___ Stored data ___
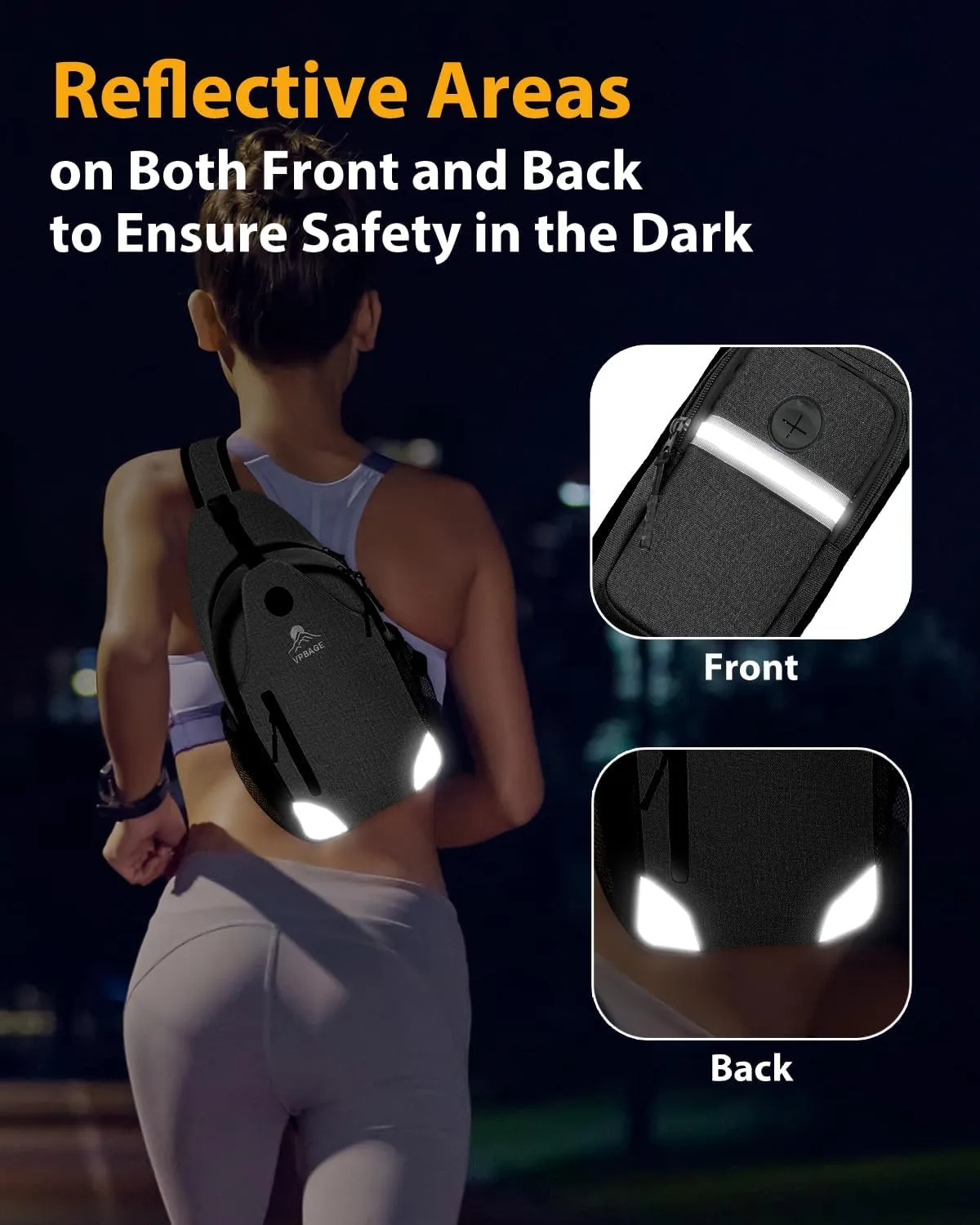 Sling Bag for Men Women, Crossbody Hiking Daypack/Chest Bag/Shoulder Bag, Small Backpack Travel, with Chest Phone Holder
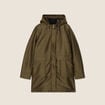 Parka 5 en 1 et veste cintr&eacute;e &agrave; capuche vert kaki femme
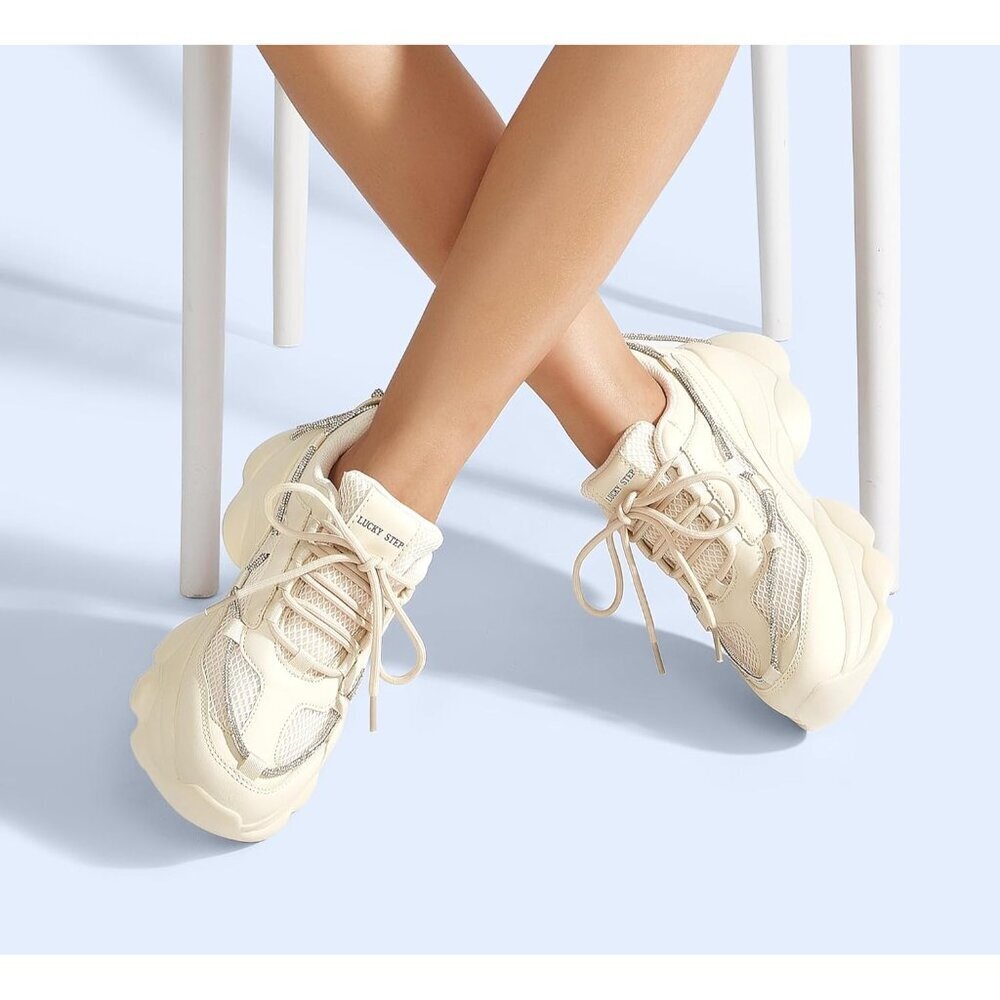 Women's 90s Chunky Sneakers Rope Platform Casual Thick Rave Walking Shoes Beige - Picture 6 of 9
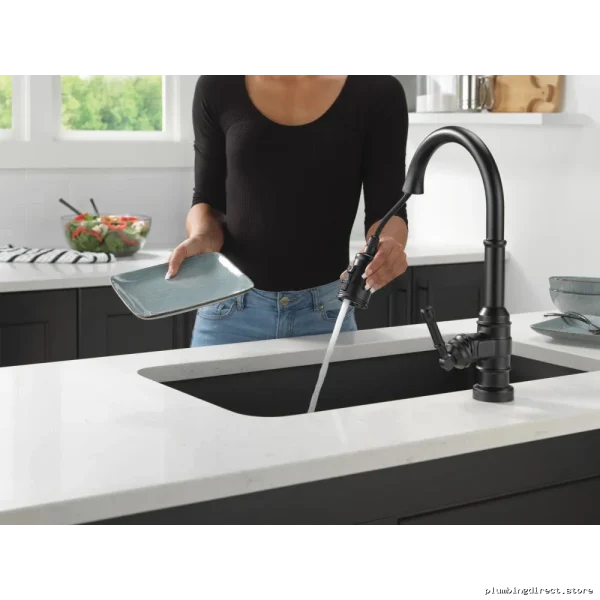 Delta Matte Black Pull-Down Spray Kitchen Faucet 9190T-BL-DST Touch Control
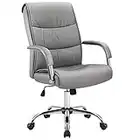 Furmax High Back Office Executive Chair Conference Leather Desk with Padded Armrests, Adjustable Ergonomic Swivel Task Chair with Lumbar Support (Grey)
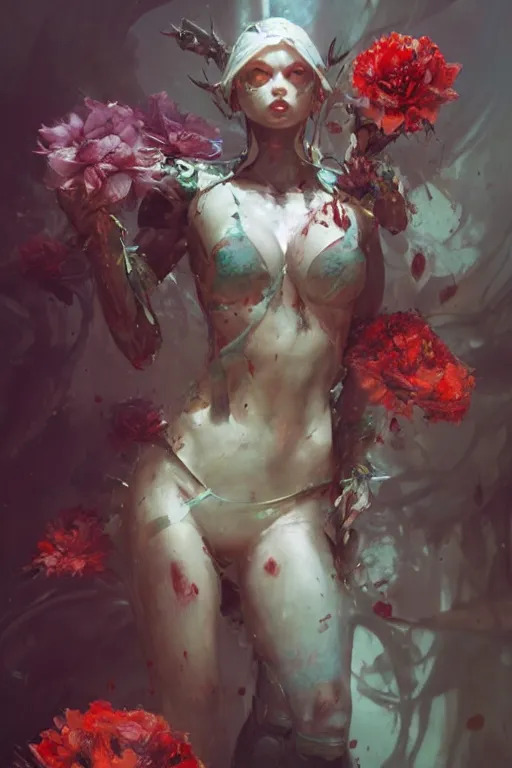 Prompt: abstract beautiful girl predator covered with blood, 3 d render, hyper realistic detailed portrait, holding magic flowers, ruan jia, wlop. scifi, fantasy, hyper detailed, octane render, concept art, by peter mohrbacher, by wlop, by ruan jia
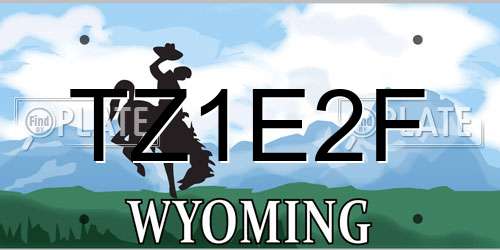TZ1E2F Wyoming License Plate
___
-- Problem --
Begin with the line that contains "Parka 5 en 1" and copy every line through the end of the listing, exactly as written, both ends included. Pictures are not part of the copy.

-- Solved problem --
 Parka 5 en 1 et veste cintr&eacute;e &agrave; capuche vert kaki femme
 Women's 90s Chunky Sneakers Rope Platform Casual Thick Rave Walking Shoes Beige - Picture 6 of 9
 Delta Matte Black Pull-Down Spray Kitchen Faucet 9190T-BL-DST Touch Control
 Furmax High Back Office Executive Chair Conference Leather Desk with Padded Armrests, Adjustable Ergonomic Swivel Task Chair with Lumbar Support (Grey)
 Prompt: abstract beautiful girl predator covered with blood, 3 d render, hyper realistic detailed portrait, holding magic flowers, ruan jia, wlop. scifi, fantasy, hyper detailed, octane render, concept art, by peter mohrbacher, by wlop, by ruan jia
TZ1E2F Wyoming License Plate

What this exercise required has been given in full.